---------- Records for the exercise

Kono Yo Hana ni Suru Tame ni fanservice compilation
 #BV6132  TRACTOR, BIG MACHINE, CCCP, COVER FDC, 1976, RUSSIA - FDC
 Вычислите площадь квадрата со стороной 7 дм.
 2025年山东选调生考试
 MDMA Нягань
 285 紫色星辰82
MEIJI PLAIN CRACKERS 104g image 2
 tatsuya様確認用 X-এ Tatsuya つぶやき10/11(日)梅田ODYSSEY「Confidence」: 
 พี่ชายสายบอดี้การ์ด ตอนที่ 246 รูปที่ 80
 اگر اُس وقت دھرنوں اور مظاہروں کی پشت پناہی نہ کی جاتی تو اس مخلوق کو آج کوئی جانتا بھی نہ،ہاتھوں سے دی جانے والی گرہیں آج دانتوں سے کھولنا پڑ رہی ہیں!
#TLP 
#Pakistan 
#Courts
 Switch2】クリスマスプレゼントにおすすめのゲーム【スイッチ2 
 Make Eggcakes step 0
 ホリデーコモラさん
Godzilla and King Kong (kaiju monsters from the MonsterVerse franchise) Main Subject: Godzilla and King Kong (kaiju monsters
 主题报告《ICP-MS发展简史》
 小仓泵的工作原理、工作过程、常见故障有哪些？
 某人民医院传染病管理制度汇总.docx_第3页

--------------------

Required action:
Write each entry out again. Do not change a word.

Response:
Kono Yo Hana ni Suru Tame ni fanservice compilation
 #BV6132  TRACTOR, BIG MACHINE, CCCP, COVER FDC, 1976, RUSSIA - FDC
 Вычислите площадь квадрата со стороной 7 дм.
 2025年山东选调生考试
 MDMA Нягань
 285 紫色星辰82
MEIJI PLAIN CRACKERS 104g image 2
 tatsuya様確認用 X-এ Tatsuya つぶやき10/11(日)梅田ODYSSEY「Confidence」: 
 พี่ชายสายบอดี้การ์ด ตอนที่ 246 รูปที่ 80
 اگر اُس وقت دھرنوں اور مظاہروں کی پشت پناہی نہ کی جاتی تو اس مخلوق کو آج کوئی جانتا بھی نہ،ہاتھوں سے دی جانے والی گرہیں آج دانتوں سے کھولنا پڑ رہی ہیں!
#TLP 
#Pakistan 
#Courts
 Switch2】クリスマスプレゼントにおすすめのゲーム【スイッチ2 
 Make Eggcakes step 0
 ホリデーコモラさん
Godzilla and King Kong (kaiju monsters from the MonsterVerse franchise) Main Subject: Godzilla and King Kong (kaiju monsters
 主题报告《ICP-MS发展简史》
 小仓泵的工作原理、工作过程、常见故障有哪些？
 某人民医院传染病管理制度汇总.docx_第3页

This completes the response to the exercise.